Yetime iyilik konusundaki Mekkî ayetlerden bir diğerinde yetime yardım, “zor geçidi aşmak” gibi güzel bir davranış olarak değerlendirilir: “Fakat o, sarp yokuşu aşamadı. O sarp yokuş nedir bilir misin? Köle azat etmek veya açlık gününde yemek yedirmektir, yakınlığı olan bir yetime veya hiçbir şeyi olmayan yoksula.” (Beled, 11/16). Mekke’de nazil olan ayetlerde, daha ziyade yetime iyi muameleyi teşvik eden ve kötü muameleden de sakındıran hususlar yer alırken, Medine’de, yetimlerin himayesi, mallarına tecavüz edilmemesi ve istikbale hazırlanmaları konularında daha kesin emirler, daha somut tedbirler ihtiva eden ayetler gelmiştir. Bu ayetlerin bazılarında, savaş gelirlerinden yetim, kimsesiz ve muhtaçlara pay ayrılması emredilmiştir: "Kulumuz Muhammed'e inanıyorsanız) bilin ki, ele geçirdiğiniz ganimetin beşte biri Allah'ın, Peygamber'in ve onun yakınlarının, yetimlerin, düşkünlerin ve yolcularındır." (Enfal,41). “Miras taksiminde yakınlar, yetimler ve düşkünler bulunursa, ondan, onlara da verin, güzel sözler söyleyin.” (Nisa suresi, 8).
Yetimlerin ve kimsesiz çocukların himayesi, bakımı çok önemlidir. Sevgiden, sıcak aile ortamından uzak olarak, sokakta kendi kendine veya çok zayıf bir ilgi ile yetişecek insanlar, mutsuz bir hayat yaşayacakları gibi, cemiyetin başına da pek çok problem çıkararak, sosyal huzuru da bozacaklardır. Bu sebeple dinimiz, onların mümkün olduğu kadar aile içerisinde barındırılmalarını ve diğer çocuklara gösterilen şefkatin, onlara da gösterilmesini emreder.
Dinimiz, yetimlere iyi davranılmasını emreder. Şu hadisler bu hususu açıkça ifade etmektedir: “Bir kimse, Müslümanların arasında bulunan bir yetimi alarak, yedirip içirmek üzere (evine) götürürse, affedilmeyecek bir suç işlemediği takdirde, Yüce Allah onu mutlaka cennete koyar.” ( Tirmizi, Birr, 14). “Ben ve yetimi himâye eden kimse cennette şöylece beraber bulunacağız” buyurdu ve işaret parmağıyla orta parmağını, aralarını biraz aralayarak, gösterdi. (Buhârî, Edeb 24).
Ebu’d-Derdâ (r.a) rivayet ediyor: “Peygamber Efendimiz (SAV)’e bir adam geldi, kalbinin katılığından dert yandı. Resulüllah (SAV) ona şu tavsiyede bulundular: “Kalbinin yumuşak olmasını, ihtiyacın olan şeylere kavuşmayı ister misin?

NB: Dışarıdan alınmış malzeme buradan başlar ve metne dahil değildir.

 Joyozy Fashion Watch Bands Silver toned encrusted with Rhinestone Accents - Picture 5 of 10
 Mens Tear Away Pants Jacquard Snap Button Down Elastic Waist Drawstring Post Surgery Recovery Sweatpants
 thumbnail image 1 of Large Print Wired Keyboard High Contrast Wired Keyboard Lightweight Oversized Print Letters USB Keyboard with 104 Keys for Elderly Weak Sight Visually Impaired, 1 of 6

Öyle ise yetime şefkat göster, başını okşa, yediğinden ona yedir ki, kalbin yumuşasın ve muhtaç olduğun şeylere kavuşasın.” “Allah’ım! İki zayıf kimsenin; yetimle, kadının hakkını yemekten herkesi şiddetle sakındırıyorum.” (Nesâî, es-Sünenü’l-Kübrâ, 272).

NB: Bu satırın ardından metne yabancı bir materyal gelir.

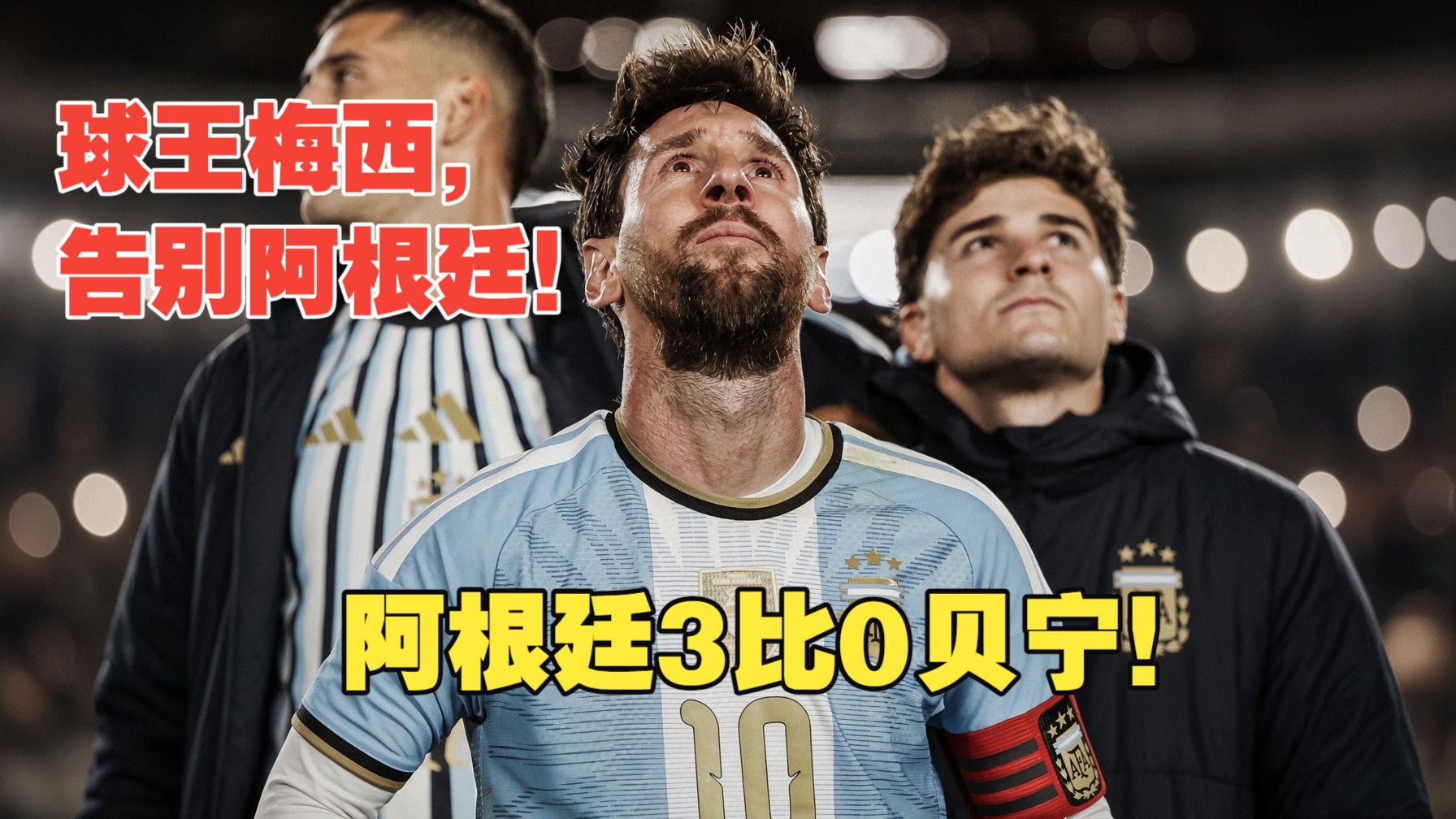 【真实解说】球王梅西国家队告别战，阿根廷3比0贝宁！永远爱你！梅西1球2助，奥塔门迪飞踢破门，帕斯远射！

Değerli okurlar! Yetimin istikbale hazırlanması konusu Kur’an’da açık şekilde yer alır. Bu husus yetimin malının korunmasıyla ilgili olarak yer verilen tedbir ve emirlerde zımnen yer ettiği gibi, bunlar dışındaki bir kısım ayetlerde de açıkça ele alınmaktadır. “Yetimleri evlenme çağına gelene kadar deneyin, onlarda rüşt (olgunlaşma) görürseniz, mallarını kendilerine verin.” (Nisa suresi, 6). Yetimler hakkında uzunca bir pasajdan bir parça olan yukarıdaki ayet, çocukların istikbale hazırlanması konusunda önemli açıklık ihtiva eder. Zîra “deneyin” deyip onları hayata hazırlanmaları emrediyor. Yetimin terbiye, bakım, himaye gibi, her çeşit meselesine temas eden ayetlerden biri şudur: “Sana yetimleri sorarlar, de ki: Onların işlerini düzeltmek hayırlıdır. Eğer onlarla bir arada yaşarsanız, artık onlar sizin kardeşlerinizdir. Allah, işleri bozanla düzelteni bilir. Allah dileseydi, sizi de zahmet ve meşakkate sokardı.” (Bakara suresi, 220). Geçen ayeti kerime yetimlere haksızlık konusunda uyarıdır. Aşağıdaki ayet cezasının ne ağır olduğunu beyan eder: “Yetimlerin mallarını zulmen yiyenler, muhakkak karınlarında sırf bir ateş yerler ve sonra çılgın ateşe yaslanırlar.” (Nisa suresi,10).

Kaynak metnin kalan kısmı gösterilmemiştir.